5. 1980s FLT Tour Glide (1979-1996)
The FLT Electra Glide was made in the image of the FLH, with the exception of a larger frame and a bigger feel. This iconic Harley was manufactured from 1979 and continued through 1996. What makes this bike so special in the Harley-Davidson lineup is that it broke ground by sporting a new engine mounting system that made use of rubber material for the engine mounts.

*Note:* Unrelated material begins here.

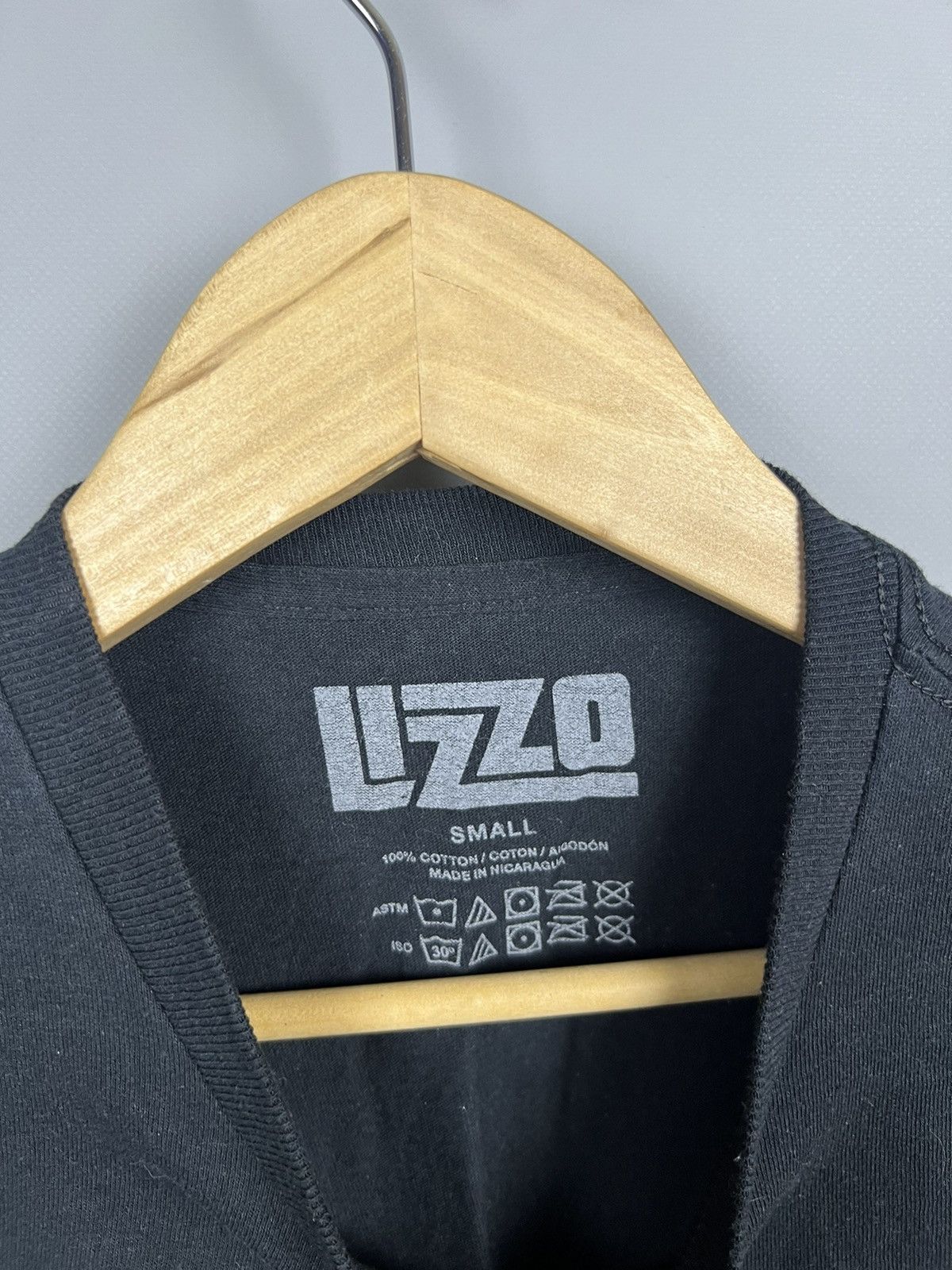 Rap Tees (S) Lizzo european tour tee Size US S / EU 44-46 / 1 - 5 Thumbnail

This didn't interfere with the classic Harley vibration nor did it impede the characteristic Harley idle rumble. Perhaps the biggest improvement that this new addition made was to make the bike a more comfortable tourer with less vibration in the frame. It was the preferred alternative to riders who loved the FLH but felt it was too small.
4. 1985 FXRP
You can ask any officer that rode a 1985 FXRP how well they liked it. It was a special customized design taken from the inspiration of the popular FXR and decked out for use by the police force. It was one hell of a touring bike, but the police variation came with panniers, a special windscreen, ties and floorboards to make it suitable for use by law enforcement.

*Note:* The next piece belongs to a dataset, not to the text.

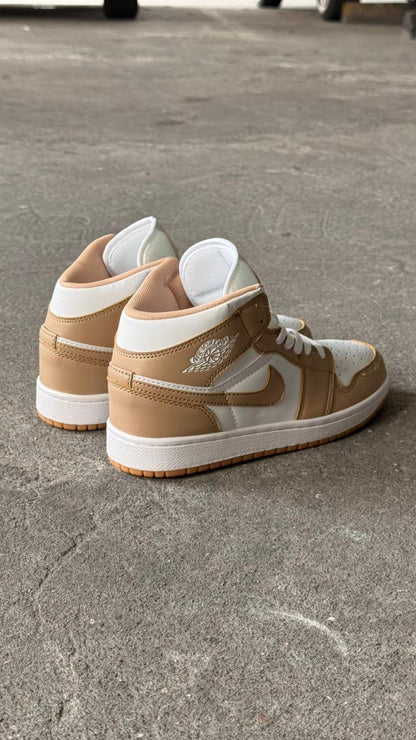 JORDAN RETRO 1 HIGH BLANCO PASTEL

The chrome pieces were substituted with matte black paint, making them look more official and less flashy. Precision handling and the ultimate in comfort were the features that made the 1985 FXRP such a special bike in the Harley-Davidson family of special editions.
3. 1983 XLH-61
The XLH-61 was a bike that was favored by riders who preferred a sportbike that had the appearance of a Sportster that had been stripped bare. It was also offered at a pared down price tag of $4,000, versus an additional $3 grand on top of that if you wanted the XR-1000. The daring biker who liked to push the limits of barely street legal enjoyed the speed of this bike. It was an excellent choice if you wanted a road racer that could also be ridden on the roads without the threat of penalty.
2. 1983 XR-1000
1983 XR-1000 was the alternative to the XLH-61 for those who were more into the look of a cafe racer and didn't mind paying a premium price. It cornered the market on aesthetics, and although sales weren't as high for this model as they were for the stripped down Sportster, there were a few who shelled out the $7,000 retail price.

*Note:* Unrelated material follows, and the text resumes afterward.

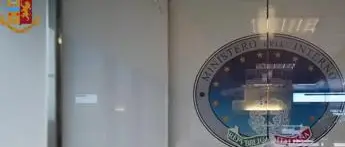 Falsi green pass, operazione della polizia contro commercio online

The famed "Lucifer's Hammer" was a special edition of the model that was tricked and tuned to take the win at Daytona, making it more attractive despite the price tag. This was just the beginning and it went on to win multiple high stakes races.
1. 1984 FXRDG Disc Glide
This iconic bike was dubbed with the nickname the Willie G. Special. If you can find one, you've just located a treasure, because it's a limited edition and is now very rare. There were only 810 that rolled off production lines.
This Harley-Davidson example follows their habit of highly customizing bikes to make them extra special and this Wide Glide variant is indeed a gem. It features a totally blacked out engine and transmission and a 16-inch disc rear wheel made of solid aluminum. We thought it only fitting to place this bike in the number one position for all Harley's made in the 1980s era.